2. The method according to claim 1, further characterized in that the measured electrical response is the current through the sample at the predetermined time.

3. The method according to claim 1, further characterized in that the measured electrical response is the load that passes through the sample from the sample detection time, up to the predetermined time.

4. - The method according to claim 1, further characterized by additionally comprising applying a second predetermined voltage, after the predetermined time, and measuring a second electrical response, after applying the second predetermined voltage.

5. The method according to claim 4, further characterized in that the second electrical response is the speed with which the current decays through the sample.

6. The method according to claim A, / -. and, /) further characterized in that the second electrical response is the load Y passes through the sample during a predetermined time interval, after the second voltage is applied.
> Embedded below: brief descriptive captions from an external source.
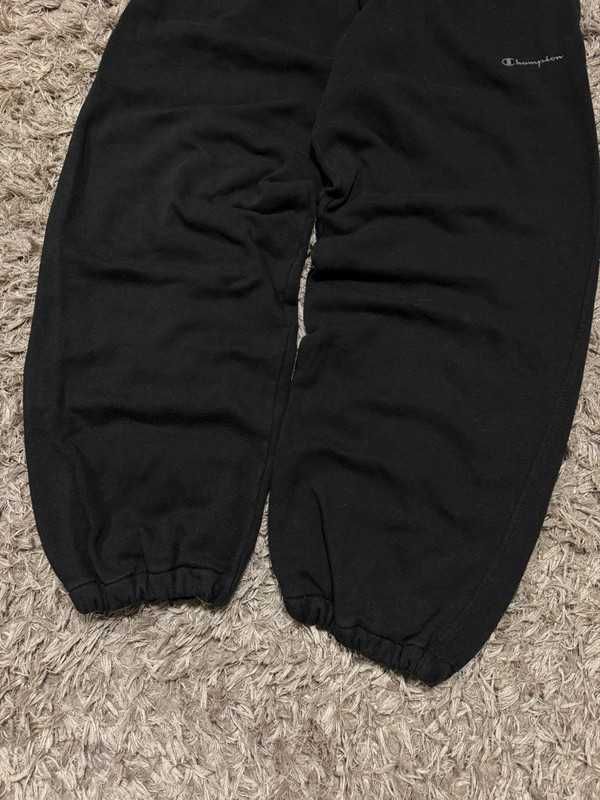 Czarne baggy skate dresowe spodnie Champion - Size M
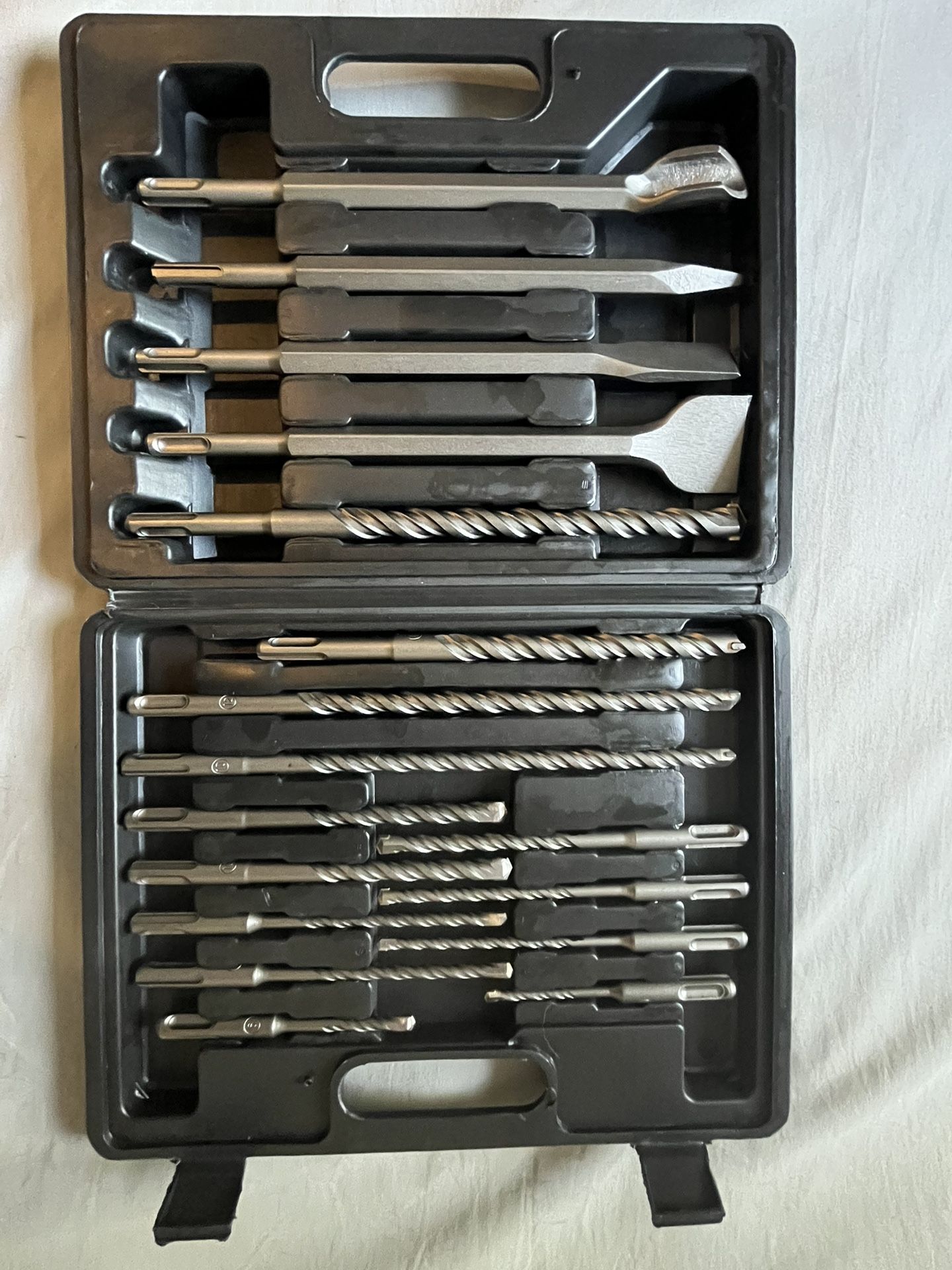 17 Piece Rotary Hammer Drill and Chisel Metric Bit Set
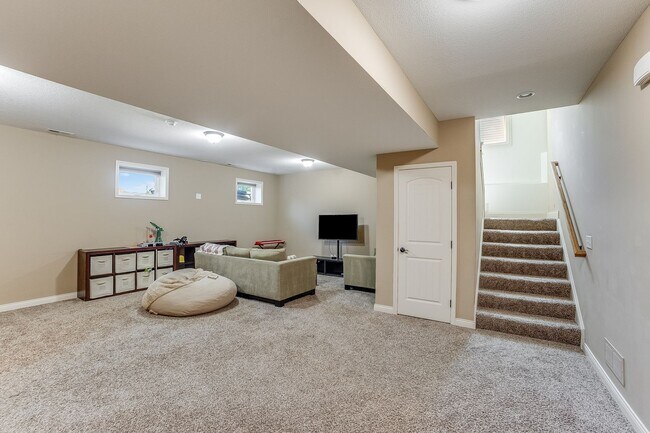 Building Photo - LUXURY 5 BEDROOM HOME AVAILABLE IN MAHOMET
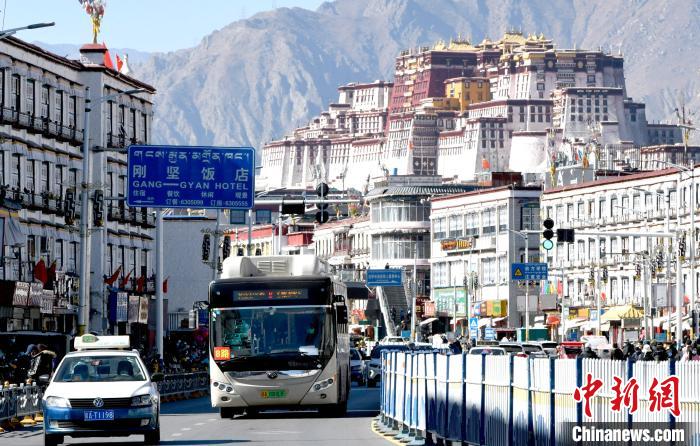 12月7日，一輛公交車從拉薩市城關區(qū)北京東路駛過?！±盍?攝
7. A meter for measuring an analyte concentration in a sample of a biological fluid that has been applied between a working and reference electrode of a diagnostic strip, characterized in that it comprises, in electrical communication: (a) means to apply a predetermined current between the working and reference electrodes; (b) means for monitoring a potential difference across the electrodes; (c) means for determining when the potential difference falls below a predetermined threshold voltage to indicate sample detection; 8d) means responsive to sample detection to apply a predetermined constant voltage to the sample; (e) means for measuring a resultant electrical response; and (f) means for calculating the analyte concentration, using the measured electrical response.
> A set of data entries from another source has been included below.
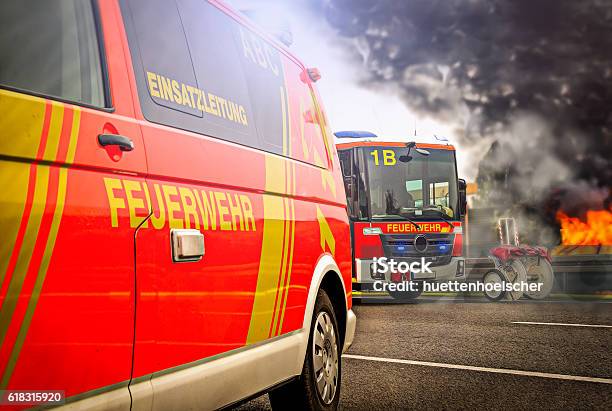 Photo libre de droit de Des Camions Allemands De Lutte Contre Les Incendies Se Trouvent Sur Un Feu banque d'images et plus d'images libres de droit de Camion de pompiers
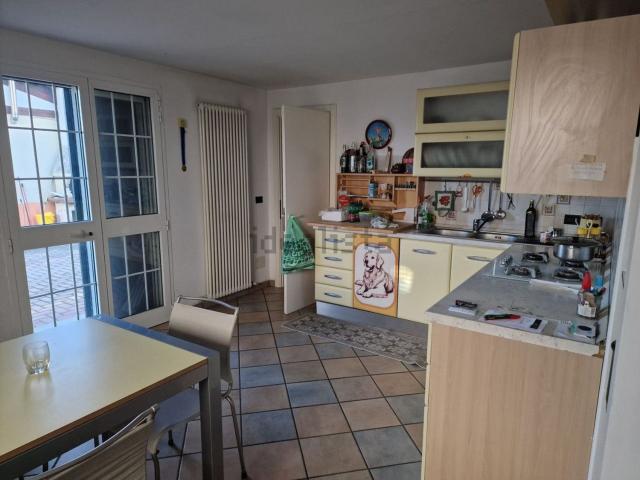 Case e ville in vendita di 190 m² in Via Giorgio Amendola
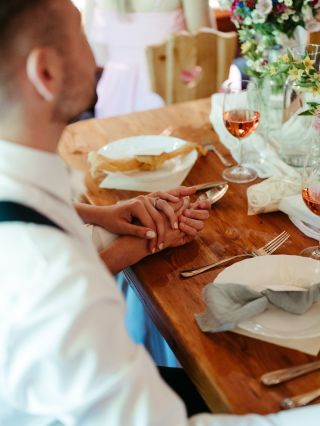 Za dobu naší praxe jsme hostili už hodně krásných svateb,ale tahle? Tahle byla prostě jiná. 🥹❤️ Neuvěřitelně kamarádská,...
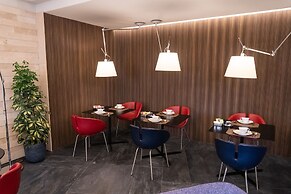 Stendhal Luxury Suites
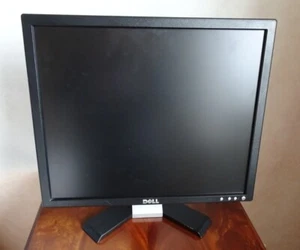Dell flat panel monitor 19”, E196FPf/E197FPf - Picture 1 of 9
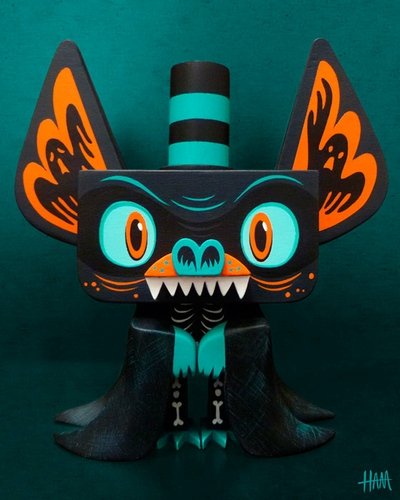 Hypnotic Hermees figure by Gary Ham. Front view.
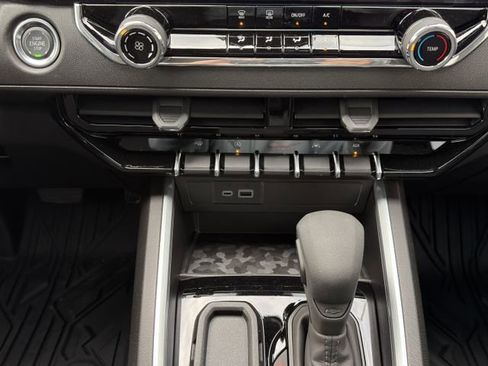 New 2026 Chevrolet Colorado W/T image 14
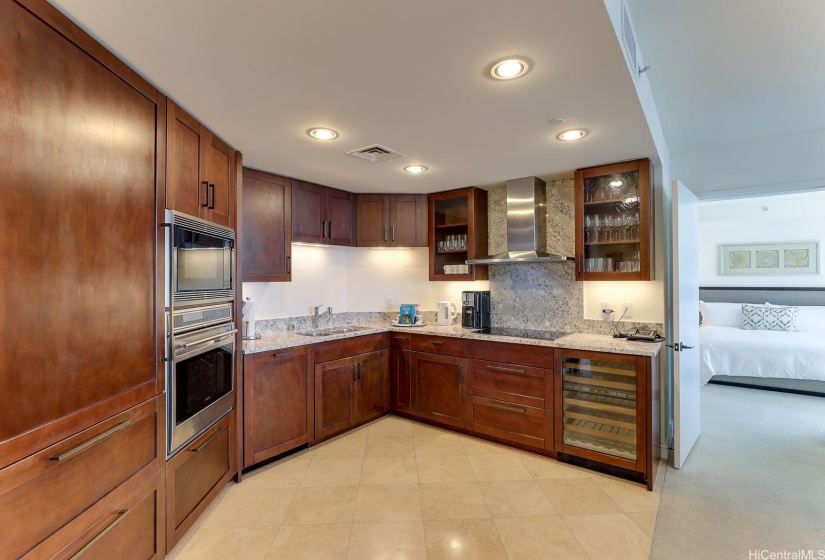 Living Room / Open Space Kitchen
8. The meter according to claim 7, further characterized by the means for measuring an electrical response resulting in an ammeter.

9. The meter according to claim 7, further characterized in that the means for measuring a resulting electrical response is a coulometer.

10. The meter according to claim 7, further characterized in that it comprises means for applying a second predetermined voltage to the sample; and a means for measuring a second electrical response.

11. The meter according to claim 10, further characterized in that the means for measuring a second electrical response resulting is an ammeter.

12. The meter according to claim 10, further characterized in that the means for measuring a second electrical response is a coulometer.

13. A method for measuring an analyte concentration in a sample of a biological fluid that is applied to an electrochemical diagnostic strip, of the type that includes juxtaposed working and reference electrodes; further characterized by comprising: (a) applying a predetermined constant current source between the working and reference electrodes; (b) monitor a potential difference across the electrodes; (c) apply the sample to the strip; (d) determining a sample detection time, noting when the potential difference falls below a predetermined threshold voltage; (e) applying a predetermined constant voltage to the sample; (f) applying a second predetermined voltage to the sample after a predetermined first time; (g) measuring an electrical response at a predetermined time, after the first predetermined time; and (h) calculate the concentration of the analyte using the measured electrical response.

14. The method according to claim 13, further characterized in that the measured electrical response is the rate of decay of the current through the sample.

15. The method according to claim 13, further characterized in that the measured electrical response is the load that passes through the sample during a predetermined time interval, after the second predetermined voltage is applied.